Ozone is currently released as Tech Preview with CDP-DC and we are in the process of collecting feedback and continuing the evolution of the next-gen Big Data distributed storage system. As mentioned earlier, a Beta release should be coming out very soon, and a GA will follow soon after. The results that we have obtained here and the amount of work that is still ongoing into the stability and performance areas make this goal look like a very realistic target.
- The cluster setup consists of 28 uniform physical nodes coming with 20 core Intel® Xeon® processors, 128GB of RAM, 4x2TB disks and a 10Gb/s network. The nodes running CentOS 7.4, and Cloudera Runtime 7.0.3, which contains Hive 3, Hadoop 3, Tez 0.9, and Ozone built from Apache master branch from early January.
- 4 master nodes, one for Cloudera Manager, Prometheus and Zookeeper, one for YARN, one for Hive, and one for HDFS and Ozone as we use the two at different times.
- 12 storage nodes, with 2 dedicated disks for data storage, and 12 compute nodes with 3 disks dedicated to YARN and logs together.
- SSL/TLS was turned off and simple authentication was used.
- Ozone was configured to use a single volume with a single bucket to mimic the semantics of HDFS
- High availability was not enabled on any of the services.
- The internal network of the cluster is shared with other hosts, and we know that the traffic can be erratic between quite low and spikey. That is partly the reason why we have averaged out the results of ten full test runs on both HDFS and on Ozone before concluding with the final result.
- The result caching in Hive was turned off for all the queries to ensure all data is read from the FileSystem.
The tools we used to do the benchmark are also available and open source if you want to try it out in your environment. All the tools can be found in this repository.
Memory is not balanced.
Not sure what exactly you are trying to point out here.
The tests were conducted with the same settings in YARN, TEZ and HIVE as well. The nodes were separated to 3 groups, management nodes, storage node, and compute nodes. Compute nodes ran only YARN NodeManagers, Storage nodes ran only HDFS DataNodes and Ozone DataNodes, management nodes were running NameNode, Ozone Manager, Storage Container Manager on one node, HiveServer2 and Hive Metastore on an other, YARN ResoruceManager and JobHistory server on a third one, while Cloudera Manager on a fourth one.

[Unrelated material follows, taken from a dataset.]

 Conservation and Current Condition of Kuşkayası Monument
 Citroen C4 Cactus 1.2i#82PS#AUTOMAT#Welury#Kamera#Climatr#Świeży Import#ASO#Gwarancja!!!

Test runs also were separated in time from each other, one test run on one file system at a time, so the systems – we believe – had the same resources available.
I would love to do this in my test environment. But there is nothing in cloudera documentation on how to Configure Hive so that it works with ozone. Nor anything on aby of the stuff that is supposed to be supported
In Cloudera Manager’s Hive configuration page, you can point the Hive Warehouse Directory to a URI. If you do not specify a protocol it points to HDFS by default, but you can specify a location on Ozone using the ofs:// protocol.
An other way of doing this is to point the database or table location to an Ozone path (using ofs:// protocol in the path URI) during table creation, however recent Hive versions restrict the managed tables to be in the Hive Warehouse Directory no matter what, if your version is already containing the restrictions on managed tables, you can still specify location using multi tenancy in hive (metastore.warehouse.tenant.colocation needs to be enabled) and then you can specify the managed table location on a per database basis.
See more about multi tenancy here: https://docs.cloudera.com/runtime/latest/using-hiveql/topics/hive_managed_location.html?
The data in Hive, was it an external or internal table? If internal table, what compression was used zlib or snappy + ORC?